Globalisation has had a profound impact on the way that the world operates. Businesses now routinely operate across continents, whereas only a few decades ago, it was unusual to operate across internationally. Perhaps the most obvious example of the difference that this approach can have has happened online in front of our eyes.
The Go Global Dillema
In the early days of the web, Yahoo! had an advertising network that directly competed with Google’s. For some reason, management inside Yahoo! decided that they only wanted to serve US and Canada. Meanwhile Google rolled out across the world. We all know who won that battle…
Global is the new Local
Executives and business owners have learned their lesson and are now much more international than they have ever been before. This partly comes from their need to oversee an international business operation, which leads to extensive travel and connections, but also because it makes sound sense for their personal finances. While in the democratic world it is unusual for a country to descend into chaos and anarchy, it does happen.
Greener pastures abroad
For the international person of wealth and means, the obvious answer is to jump into their private jet and go elsewhere. If that is to be the case, then the ideal situation will be for them to have assets such as property and bank accounts already established in another location. That is true international financial diversification, as opposed to how the rest of us do it – which is to invest in a Far East fund in our pensions.
Second assports – A new lease of life
Taking that thinking one step further, many of the world’s one percent choose to establish a personal residency in a location that is friendlier about taxes than their home country.
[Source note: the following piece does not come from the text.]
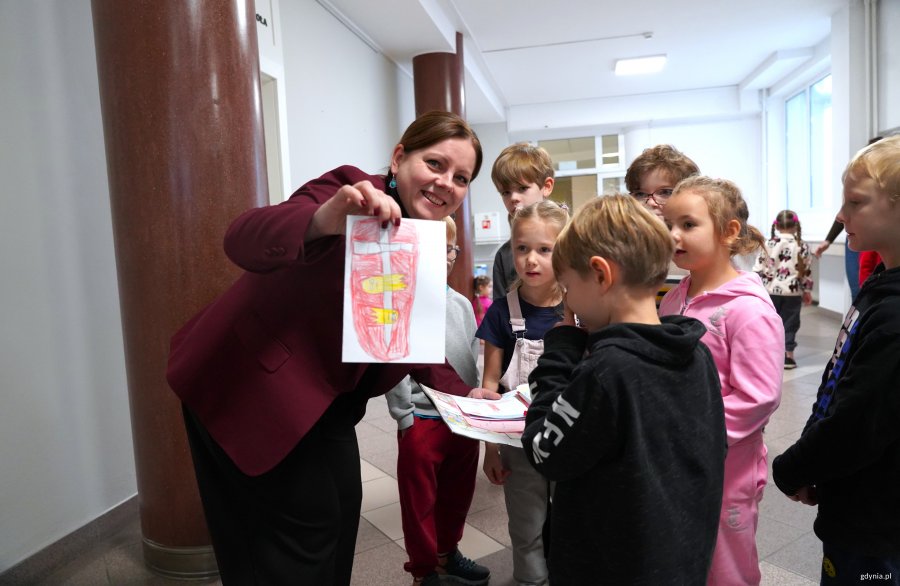 Kobieta w bordowej marynarce pokazuje dziecięcy rysunek, obok dzieci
This is the main reason why Monaco is what Monaco is. No taxes. With governments in need of cash as debt levels spiral around the world, a new business model has flourished in recent years. For the man or woman of real means and a desire to truly protect their freedom, a second passport is a must have item. Economic citizenship schemes allow the wealthy to invest in a country and as long as they fulfil certain criteria (which differ from country to country) including a predetermined period of time, they can become citizens of a new jurisdiction. Needless to say, some passports are more valuable than others.
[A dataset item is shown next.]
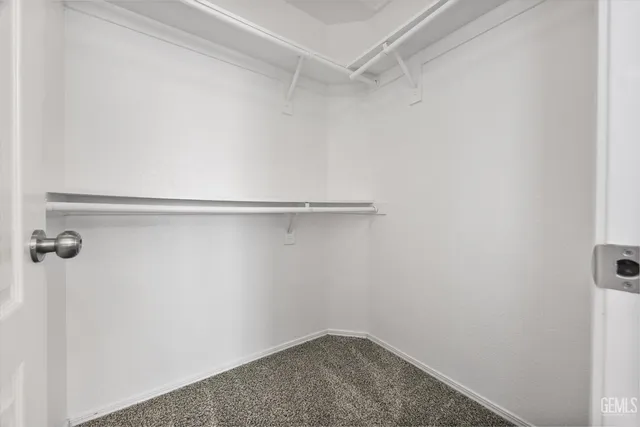 a bathroom with a granite countertop sink a toilet and a large mirror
The coveted EU member state second passport
For obvious reasons, a second passport from an EU Member State is a very valuable lifestyle addition. It can enable your children to study in European universities, and your family to travel with very few limits across Europe and further around the world. While the amounts desired by governments are relatively small (if you are a billionaire) they add up to useful amounts of money for small nations when there are hundreds of applicants per year. This helps the governments to further develop their national infrastructure and make their country even more attractive to visitors and investors. It does truly seem like a win-win arrangement.
However, these citizenship schemes are not without their controversies. In many countries the general populace are less enthusiastic than the politicians. They, of course, feel that it is their rights that are being sold and perhaps they are correct in some ways. But since the politicians write the rules and want to offer these programmes, they are legal and it can be argued that anything legal is automatically ethical.